BEGIN

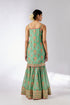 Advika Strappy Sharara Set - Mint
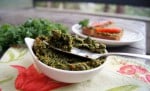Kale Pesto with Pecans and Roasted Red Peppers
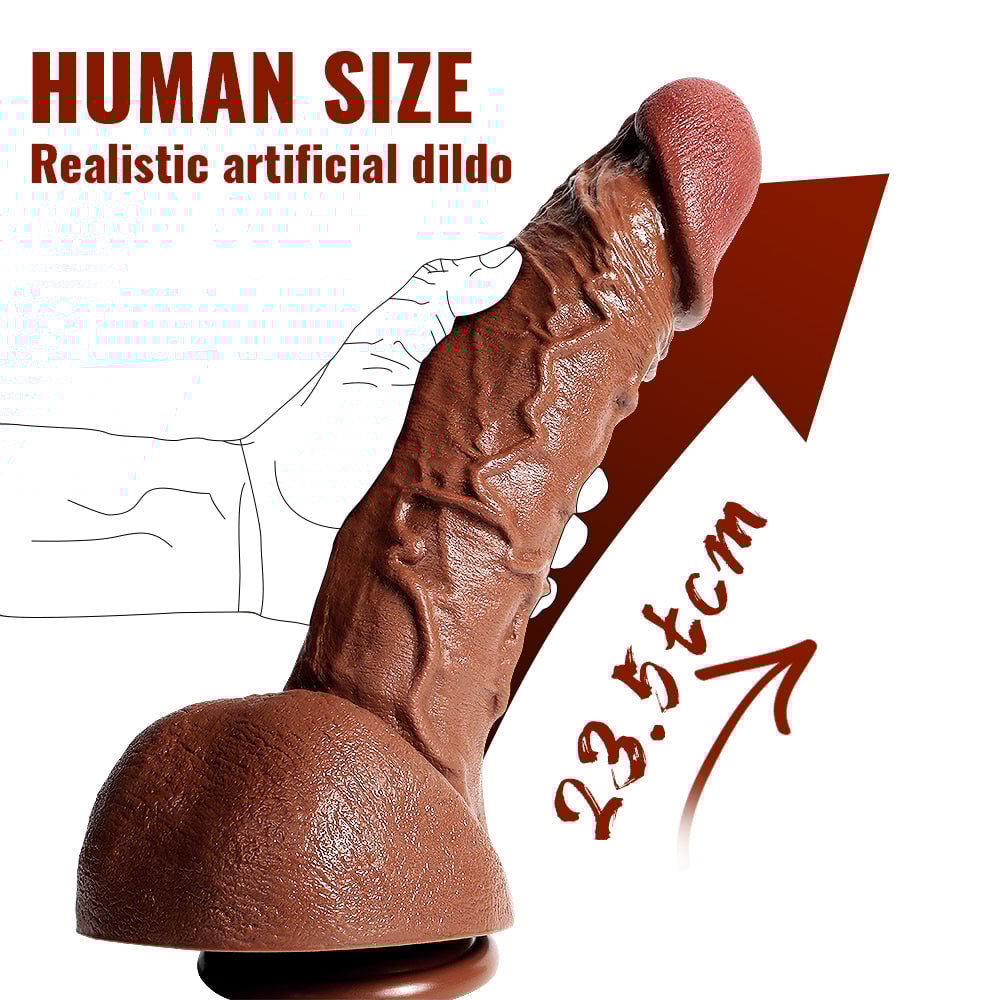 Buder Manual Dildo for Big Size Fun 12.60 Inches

END
BEGIN

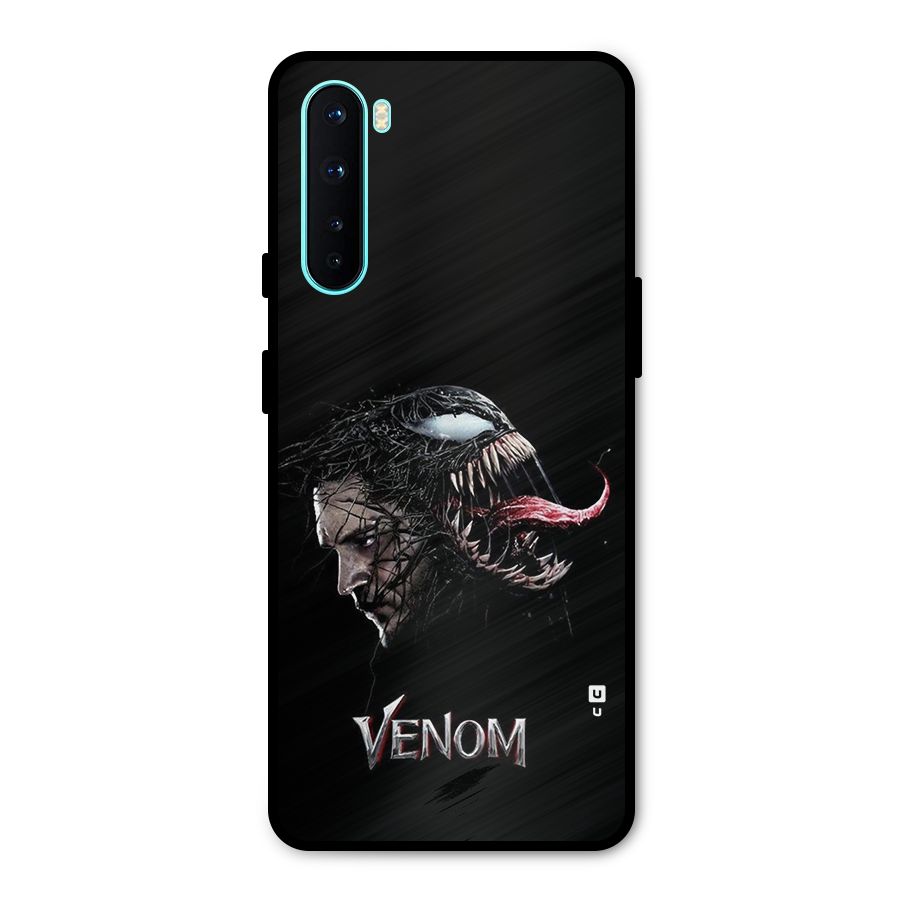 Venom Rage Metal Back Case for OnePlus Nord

END
BEGIN

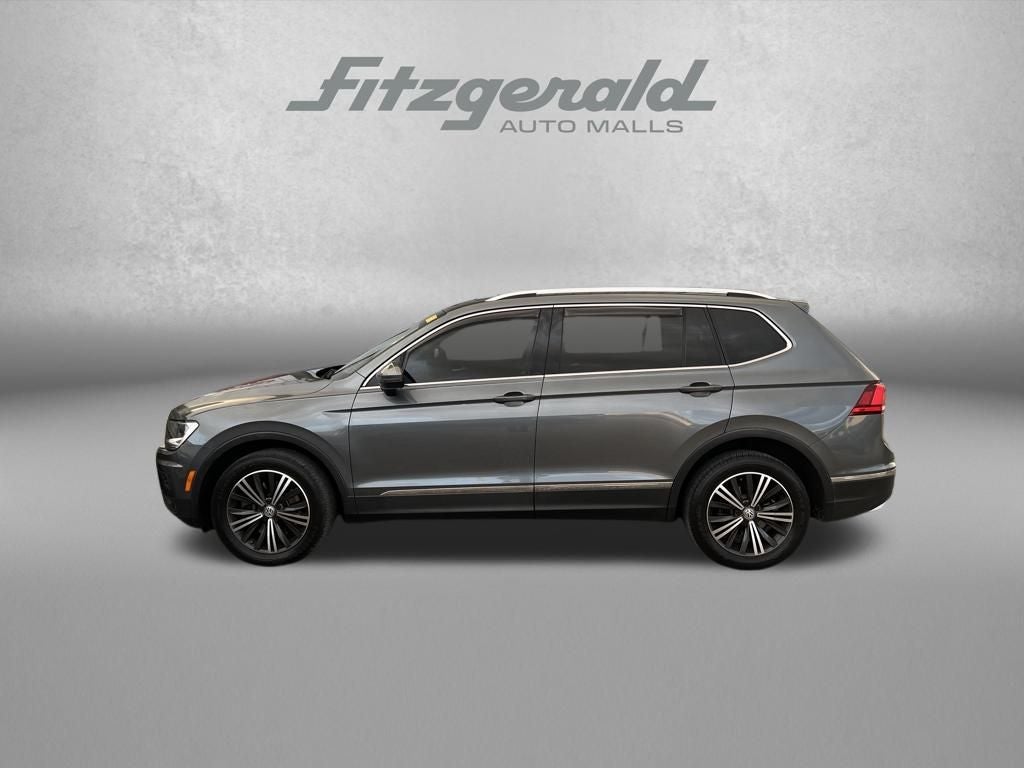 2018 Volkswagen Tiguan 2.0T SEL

END

Task item: Would you print exactly the lines in the listing above, from the line bearing "Kale Pesto with" through the line bearing "Buder Manual Dildo", leaving out all pictures?

Reply:
Kale Pesto with Pecans and Roasted Red Peppers
 Buder Manual Dildo for Big Size Fun 12.60 Inches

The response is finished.